A MOVING service saw people gather in Bognor Regis to pay their respects to those who gave their lives in the first world war.
It was expected a handful of people would assemble for the service, held by the town’s war memorial, outside the Clarence Road town hall, on Monday – instead more than 80 people turned out at 10pm.
The crowd was welcomed by town mayor Tony Gardiner, who thanked them for coming together to honour the war dead.
“We are here to remember those who gave their lives in world war one,” he said. “The signing of the declaration was at 10pm and then at 11pm here (midnight) in Germany we were at war.

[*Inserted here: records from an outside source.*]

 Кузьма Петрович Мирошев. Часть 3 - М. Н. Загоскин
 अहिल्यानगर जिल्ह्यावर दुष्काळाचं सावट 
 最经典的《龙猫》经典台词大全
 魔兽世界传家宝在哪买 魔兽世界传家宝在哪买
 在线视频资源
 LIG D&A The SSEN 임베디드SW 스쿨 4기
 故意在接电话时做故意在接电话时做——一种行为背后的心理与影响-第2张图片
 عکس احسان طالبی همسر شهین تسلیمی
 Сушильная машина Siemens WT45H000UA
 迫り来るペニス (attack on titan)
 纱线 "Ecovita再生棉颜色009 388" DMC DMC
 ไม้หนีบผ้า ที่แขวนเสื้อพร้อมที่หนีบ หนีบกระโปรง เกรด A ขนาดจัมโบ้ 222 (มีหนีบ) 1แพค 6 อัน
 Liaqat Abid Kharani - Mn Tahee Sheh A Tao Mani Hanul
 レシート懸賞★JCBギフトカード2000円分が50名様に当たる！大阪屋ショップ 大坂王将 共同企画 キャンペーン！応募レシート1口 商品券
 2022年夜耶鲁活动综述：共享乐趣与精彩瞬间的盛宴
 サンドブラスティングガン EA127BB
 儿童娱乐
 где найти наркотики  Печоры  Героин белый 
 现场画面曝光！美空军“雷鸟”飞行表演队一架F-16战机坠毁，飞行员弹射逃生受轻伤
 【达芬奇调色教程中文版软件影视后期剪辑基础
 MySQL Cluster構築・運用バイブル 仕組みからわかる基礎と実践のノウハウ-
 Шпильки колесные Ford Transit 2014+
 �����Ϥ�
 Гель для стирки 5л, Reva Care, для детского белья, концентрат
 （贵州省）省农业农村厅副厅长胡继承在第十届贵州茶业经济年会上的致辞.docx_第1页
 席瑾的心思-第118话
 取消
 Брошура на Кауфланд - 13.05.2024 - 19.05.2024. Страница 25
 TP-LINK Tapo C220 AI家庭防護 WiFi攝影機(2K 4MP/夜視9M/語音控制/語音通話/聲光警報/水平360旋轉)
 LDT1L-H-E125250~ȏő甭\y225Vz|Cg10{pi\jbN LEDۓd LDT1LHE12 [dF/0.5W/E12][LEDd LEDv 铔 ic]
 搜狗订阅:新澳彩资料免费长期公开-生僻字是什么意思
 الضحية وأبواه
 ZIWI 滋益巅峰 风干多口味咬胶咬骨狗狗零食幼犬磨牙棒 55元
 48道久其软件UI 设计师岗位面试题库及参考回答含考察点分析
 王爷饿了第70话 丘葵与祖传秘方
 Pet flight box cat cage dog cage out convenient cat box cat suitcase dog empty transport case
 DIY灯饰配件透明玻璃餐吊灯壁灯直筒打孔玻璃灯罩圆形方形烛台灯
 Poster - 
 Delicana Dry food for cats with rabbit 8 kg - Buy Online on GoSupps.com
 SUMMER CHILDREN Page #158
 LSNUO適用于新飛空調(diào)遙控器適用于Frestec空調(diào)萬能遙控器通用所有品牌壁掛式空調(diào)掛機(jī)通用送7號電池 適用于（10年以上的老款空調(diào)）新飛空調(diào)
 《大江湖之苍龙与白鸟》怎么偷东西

“War is not a place for joy. When I watch the film on the television it sometimes looks like they are going off to play a cricket match. It was not a cricket match they were going to. A lot of them died.”
Before a short silence Father Peter Fitch, the assistant priest at Our Lady of Sorrows Church, said: “On this hour at this time let us pause and remember those who fell for our country.”
Prayers followed the silence, with Father Fitch telling the crowd he felt it especially important that a prayer for peace was said.
“It seems to me we should be the authors of peace,” he said.
A prayer from St Francis of Assisi and a blessing from Palestine followed.
Those who wanted to say a few words or read poems were also invited to do so.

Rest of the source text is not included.